# Benchmark model

Credit: https://www.kaggle.com/yekenot/2dcnn-textclassifier

This is a benchmark model that uses a 2D CNN model 

In [1]:
import numpy as np
np.random.seed(42)
import pandas as pd
from sklearn.model_selection import train_test_split
from sklearn.metrics import f1_score
from keras.models import Model
from keras.layers import Input, Embedding, Dense, Conv2D, MaxPool2D
from keras.layers import Reshape, Flatten, Concatenate, Dropout, SpatialDropout1D
from keras.preprocessing import text, sequence
from keras.callbacks import Callback
import warnings
warnings.filterwarnings('ignore')

Using TensorFlow backend.


In [2]:
EMBEDDING_FILE = '../input/embeddings/glove.840B.300d/glove.840B.300d.txt'
train = pd.read_csv('../input/train.csv')
test = pd.read_csv('../input/test.csv')
submission = pd.read_csv('../input/sample_submission.csv')

In [3]:
X_train = train["question_text"].fillna("fillna").values
y_train = train["target"].values
X_test = test["question_text"].fillna("fillna").values

max_features = 40000
maxlen = 70
embed_size = 300

#threshold = 0.35

tokenizer = text.Tokenizer(num_words=max_features)
tokenizer.fit_on_texts(list(X_train) + list(X_test))
X_train = tokenizer.texts_to_sequences(X_train)
X_test = tokenizer.texts_to_sequences(X_test)
x_train = sequence.pad_sequences(X_train, maxlen=maxlen)
x_test = sequence.pad_sequences(X_test, maxlen=maxlen)

In [4]:
def get_coefs(word, *arr): return word, np.asarray(arr, dtype='float32')
embeddings_index = dict(get_coefs(*o.rstrip().rsplit(' ')) for o in open(EMBEDDING_FILE))

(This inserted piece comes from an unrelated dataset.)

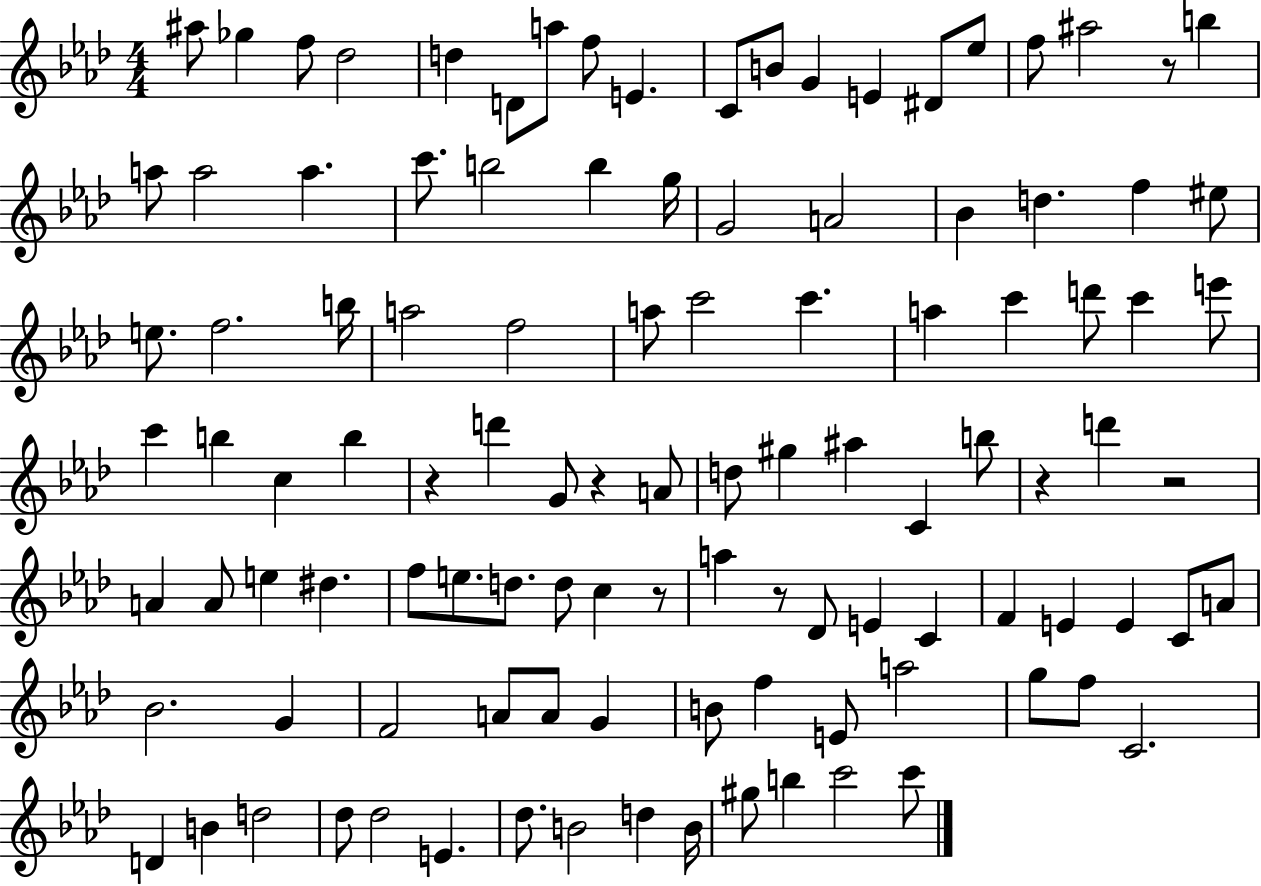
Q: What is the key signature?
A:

word_index = tokenizer.word_index
nb_words = min(max_features, len(word_index))
embedding_matrix = np.zeros((nb_words, embed_size))
for word, i in word_index.items():
    if i >= max_features: continue
    embedding_vector = embeddings_index.get(word)
    if embedding_vector is not None: embedding_matrix[i] = embedding_vector

In [6]:
from keras import backend as K


def recall(y_true, y_pred):
    true_positives = K.sum(K.round(K.clip(y_true * y_pred, 0, 1)))
    possible_positives = K.sum(K.round(K.clip(y_true, 0, 1)))
    recall = true_positives / (possible_positives + K.epsilon())
    return recall

def precision(y_true, y_pred):
    true_positives = K.sum(K.round(K.clip(y_true * y_pred, 0, 1)))
    predicted_positives = K.sum(K.round(K.clip(y_pred, 0, 1)))
    precision = true_positives / (predicted_positives + K.epsilon())
    return precision
 
def f1(y_true, y_pred):
    p = precision(y_true, y_pred)
    r = recall(y_true, y_pred)
    return 2*((p*r)/(p+r+K.epsilon()))

In [7]:
filter_sizes = [1,2,3,5]
num_filters = 42

def get_model():    
    inp = Input(shape=(maxlen, ))
    x = Embedding(max_features, embed_size, weights=[embedding_matrix])(inp)
#    x = SpatialDropout1D(0.4)(x)
    x = Reshape((maxlen, embed_size, 1))(x)
    
    conv_0 = Conv2D(num_filters, kernel_size=(filter_sizes[0], embed_size),
                                 kernel_initializer='he_normal', activation='tanh')(x)
    conv_1 = Conv2D(num_filters, kernel_size=(filter_sizes[1], embed_size),
                                 kernel_initializer='he_normal', activation='tanh')(x)
    conv_2 = Conv2D(num_filters, kernel_size=(filter_sizes[2], embed_size), 
                                 kernel_initializer='he_normal', activation='tanh')(x)
    conv_3 = Conv2D(num_filters, kernel_size=(filter_sizes[3], embed_size),
                                 kernel_initializer='he_normal', activation='tanh')(x)
    
    maxpool_0 = MaxPool2D(pool_size=(maxlen - filter_sizes[0] + 1, 1))(conv_0)
    maxpool_1 = MaxPool2D(pool_size=(maxlen - filter_sizes[1] + 1, 1))(conv_1)
    maxpool_2 = MaxPool2D(pool_size=(maxlen - filter_sizes[2] + 1, 1))(conv_2)
    maxpool_3 = MaxPool2D(pool_size=(maxlen - filter_sizes[3] + 1, 1))(conv_3)
        
    z = Concatenate(axis=1)([maxpool_0, maxpool_1, maxpool_2, maxpool_3])   
    z = Flatten()(z)
    z = Dropout(0.1)(z)
        
    outp = Dense(1, activation="sigmoid")(z)
    
    model = Model(inputs=inp, outputs=outp)
    model.compile(loss='binary_crossentropy',
                  optimizer='adam',
                  metrics=['accuracy', f1, recall, precision])

    return model

model = get_model()

In [9]:
batch_size = 256
epochs = 2

X_tra, X_val, y_tra, y_val = train_test_split(x_train, y_train, train_size=0.95,
                                              random_state=233)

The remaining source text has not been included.